The IMF has also changed from within. The organisation, chastened by widespread complaints that its policy prescriptions were too harsh in the 1980s and 1990s, now devotes growing attention to questions of climate change and inequality at the expense of its overarching mission of instilling sound macroeconomic management. In the latest edition of its flagship annual publication, the “World Economic Outlook”, the word “reform” appears 63 times, compared with 171 times in the edition of 30 years ago.
The most moribund multilateral institution, however, is the WTO. Since the collapse of a 14-year-long negotiation in 2015, all talk of expanding free trade or deepening protections for it has fallen by the wayside. This year’s summit only just managed to extend a moratorium that, had it lapsed, could have seen countries imposing tariffs on cross-border transfers of data, including software and music. With the appeals process frozen, governments can adopt capricious policies with little fear of censure. In the past year an index of “trade-policy uncertainty”, produced by economists at the Federal Reserve, has been nearly twice as high as the long-run average.

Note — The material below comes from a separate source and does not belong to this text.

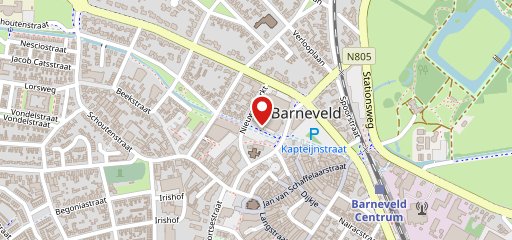 Bowling Veluwehal Barneveld on map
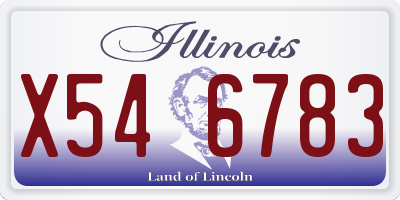 IL license plate X546783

The effects of these three scourges are predictably grim. An index that tracks references to economic uncertainty in prominent publications is at twice its average level from 1997 to 2015. Not only has global trade in goods stagnated; the same problem now afflicts services, too. Cross-border investment is in retreat, as well, as a share of global gdp. Both long-term (direct) and short-term (portfolio) flows are well below their peaks. Companies are retrenching, to avoid geopolitical rifts in particular. The share of American corporate profits coming from abroad is falling fast. Western law firms and banks are pulling out of China. After Russia’s invasion of Ukraine in 2022, McDonald’s quit the Russian market. A new Russian-owned restaurant, “Delicious, full stop”, has taken over many of the American chain’s outlets. (As if to bear out Cohon’s proselytising about the benefits of globalisation, the new restaurant has received poor reviews.)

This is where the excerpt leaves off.